2002-03-16 00:00:09

by Balbir Singh

[permalink] [raw]
Subject: Nice values for kernel modules

In older v2.4 we could directly access current->nice
and set it to any value we wanted. This has now
been replaced by set_user_nice(). The problem
that I face is that task_nice() is not exportted, so
my kernel module cannot use it to read the current
nice value.

Was there some reason for hiding the nice value from
kernel modules?

I have the following solutions

0. I could use the TASK_NICE() macro, but I would
like to avoid using it.
1. Export task_nice in ksyms.c
2. Use sys_nice() using a user space disguise.

Comments,
Balbir Singh.

__________________________________________________
Do You Yahoo!?
Yahoo! Sports - live college hoops coverage
http://sports.yahoo.com/


2002-03-16 09:54:15

by Tigran Aivazian

[permalink] [raw]
Subject: Re: Nice values for kernel modules

On Fri, 15 Mar 2002, Balbir Singh wrote:
> 0. I could use the TASK_NICE() macro, but I would
> like to avoid using it.
> 1. Export task_nice in ksyms.c
> 2. Use sys_nice() using a user space disguise.

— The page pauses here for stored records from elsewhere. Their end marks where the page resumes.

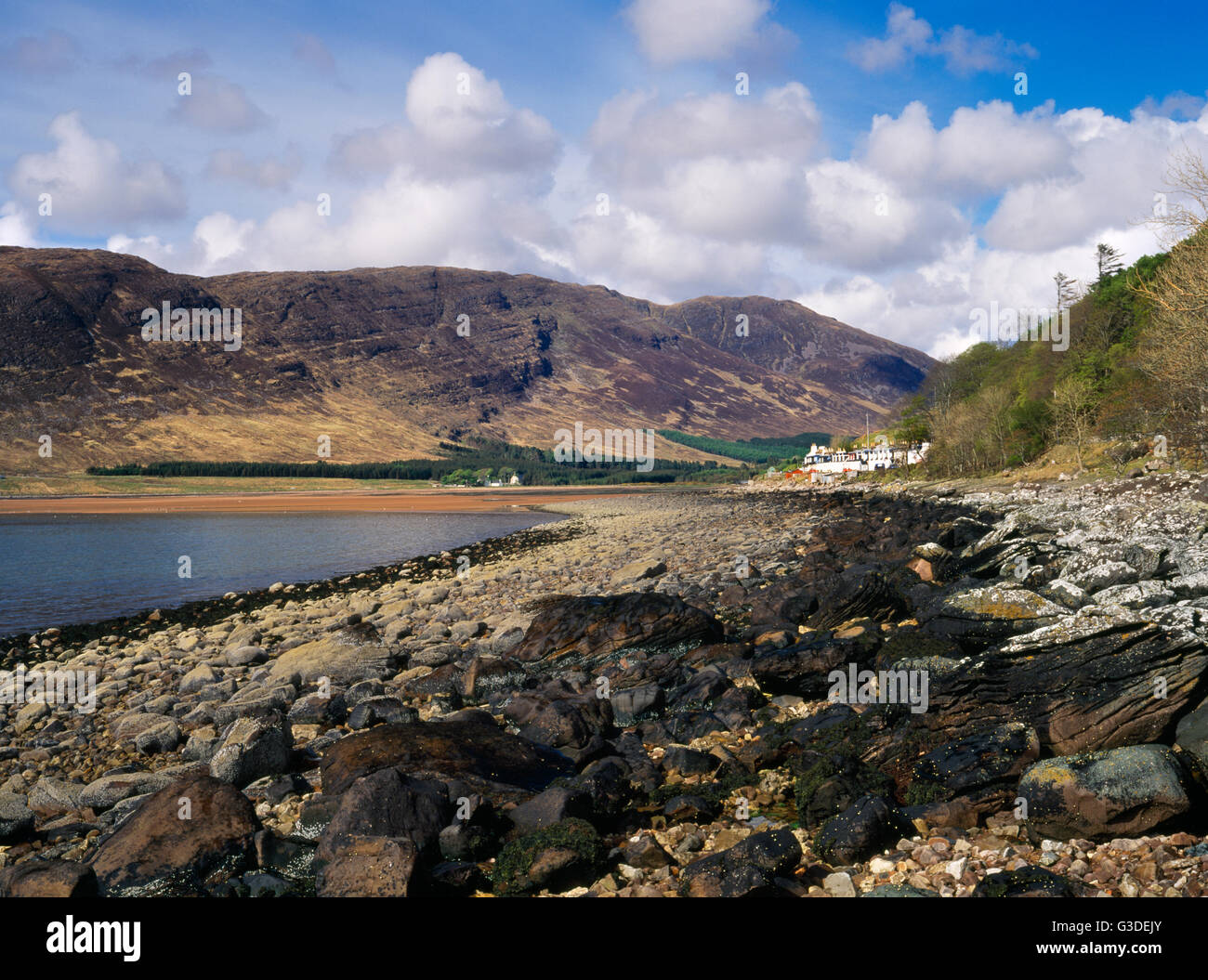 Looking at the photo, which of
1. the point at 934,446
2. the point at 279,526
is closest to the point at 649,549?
the point at 279,526

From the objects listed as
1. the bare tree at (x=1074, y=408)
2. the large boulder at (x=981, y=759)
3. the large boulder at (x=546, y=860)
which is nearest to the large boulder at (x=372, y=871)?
the large boulder at (x=546, y=860)

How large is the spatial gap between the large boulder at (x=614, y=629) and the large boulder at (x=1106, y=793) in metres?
9.15

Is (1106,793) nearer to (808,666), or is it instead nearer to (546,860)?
(546,860)

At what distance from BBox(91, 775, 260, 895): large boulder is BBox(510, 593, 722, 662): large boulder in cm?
875

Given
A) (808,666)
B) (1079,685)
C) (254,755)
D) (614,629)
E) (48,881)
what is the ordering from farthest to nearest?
(614,629), (808,666), (254,755), (1079,685), (48,881)

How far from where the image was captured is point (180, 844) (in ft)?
24.9

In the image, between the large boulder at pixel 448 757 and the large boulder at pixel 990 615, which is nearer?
the large boulder at pixel 448 757

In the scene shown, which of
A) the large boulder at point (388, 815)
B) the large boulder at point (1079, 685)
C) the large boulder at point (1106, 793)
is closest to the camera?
the large boulder at point (1106, 793)

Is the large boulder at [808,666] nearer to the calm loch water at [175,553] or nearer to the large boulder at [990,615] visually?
the large boulder at [990,615]

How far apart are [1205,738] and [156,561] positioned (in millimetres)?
47720

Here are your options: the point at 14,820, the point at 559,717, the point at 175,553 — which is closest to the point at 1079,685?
the point at 559,717

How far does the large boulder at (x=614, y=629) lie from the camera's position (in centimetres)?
1611

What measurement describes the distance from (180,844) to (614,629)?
1010 centimetres

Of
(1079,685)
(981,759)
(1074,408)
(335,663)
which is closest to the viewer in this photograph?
(981,759) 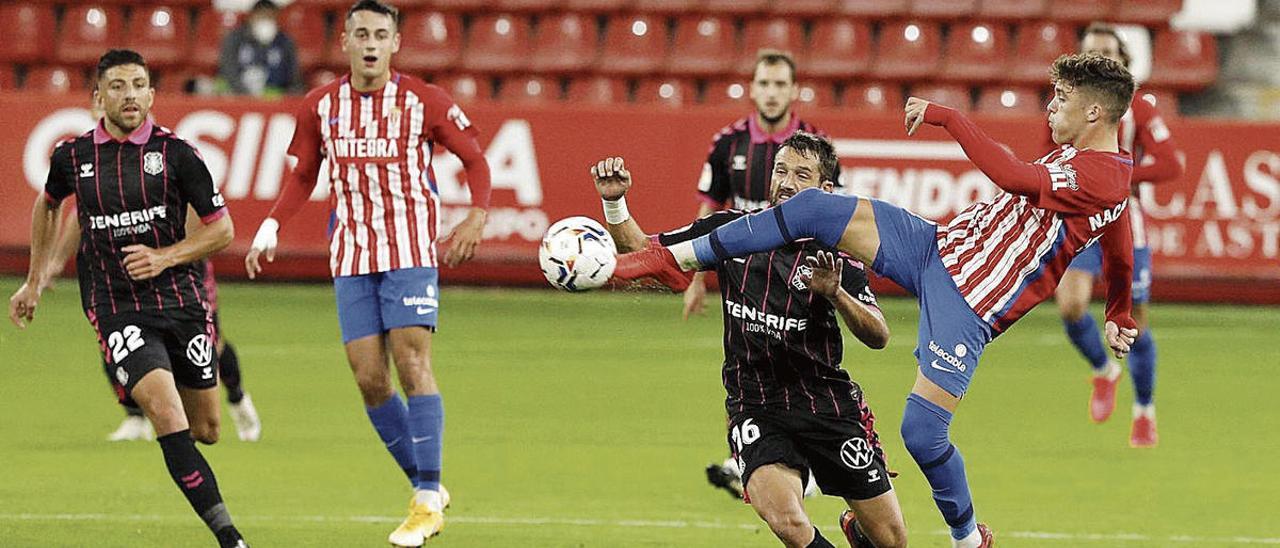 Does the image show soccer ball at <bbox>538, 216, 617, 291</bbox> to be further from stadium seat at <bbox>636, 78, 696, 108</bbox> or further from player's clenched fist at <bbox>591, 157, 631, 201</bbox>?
stadium seat at <bbox>636, 78, 696, 108</bbox>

jump to sys_nice() indirectly via exported sys_call_table[].

Regards,
Tigran

2002-03-16 10:00:45

by Keith Owens

[permalink] [raw]
Subject: Re: Nice values for kernel modules

On Sat, 16 Mar 2002 09:51:16 +0000 (GMT),
<[email protected]> wrote:
>On Fri, 15 Mar 2002, Balbir Singh wrote:
>> 0. I could use the TASK_NICE() macro, but I would
>> like to avoid using it.
>> 1. Export task_nice in ksyms.c
>> 2. Use sys_nice() using a user space disguise.
>
>jump to sys_nice() indirectly via exported sys_call_table[].

Breaks on ia64 and ppc.

2002-03-16 11:08:49

by Paul Mackerras

[permalink] [raw]
Subject: Re: Nice values for kernel modules

Keith Owens writes:

> On Sat, 16 Mar 2002 09:51:16 +0000 (GMT),
> <[email protected]> wrote:
> >jump to sys_nice() indirectly via exported sys_call_table[].
>
> Breaks on ia64 and ppc.

Not that I want to encourage this sort of thing, but why would it
break on ppc?

Paul.

2002-03-16 11:23:48

by Tigran Aivazian

[permalink] [raw]
Subject: Re: Nice values for kernel modules

On Sat, 16 Mar 2002, Paul Mackerras wrote:

> Keith Owens writes:
>
> > On Sat, 16 Mar 2002 09:51:16 +0000 (GMT),
> > <[email protected]> wrote:
> > >jump to sys_nice() indirectly via exported sys_call_table[].
> >
> > Breaks on ia64 and ppc.
>
> Not that I want to encourage this sort of thing, but why would it
> break on ppc?

and also why would it break on ia64. I can understand __mips but why ia64?

Regards
Tigran

2002-03-16 12:35:11

by Keith Owens

[permalink] [raw]
Subject: Re: Nice values for kernel modules

On Sat, 16 Mar 2002 11:27:03 +0000 (GMT),
Tigran Aivazian <[email protected]> wrote:
>On Sat, 16 Mar 2002, Paul Mackerras wrote:
>
>> Keith Owens writes:
>>
>> > On Sat, 16 Mar 2002 09:51:16 +0000 (GMT),
>> > <[email protected]> wrote:
>> > >jump to sys_nice() indirectly via exported sys_call_table[].
>> >
>> > Breaks on ia64 and ppc.
>>
>> Not that I want to encourage this sort of thing, but why would it
>> break on ppc?

Should have been ppc64, not ppc.

>and also why would it break on ia64. I can understand __mips but why ia64?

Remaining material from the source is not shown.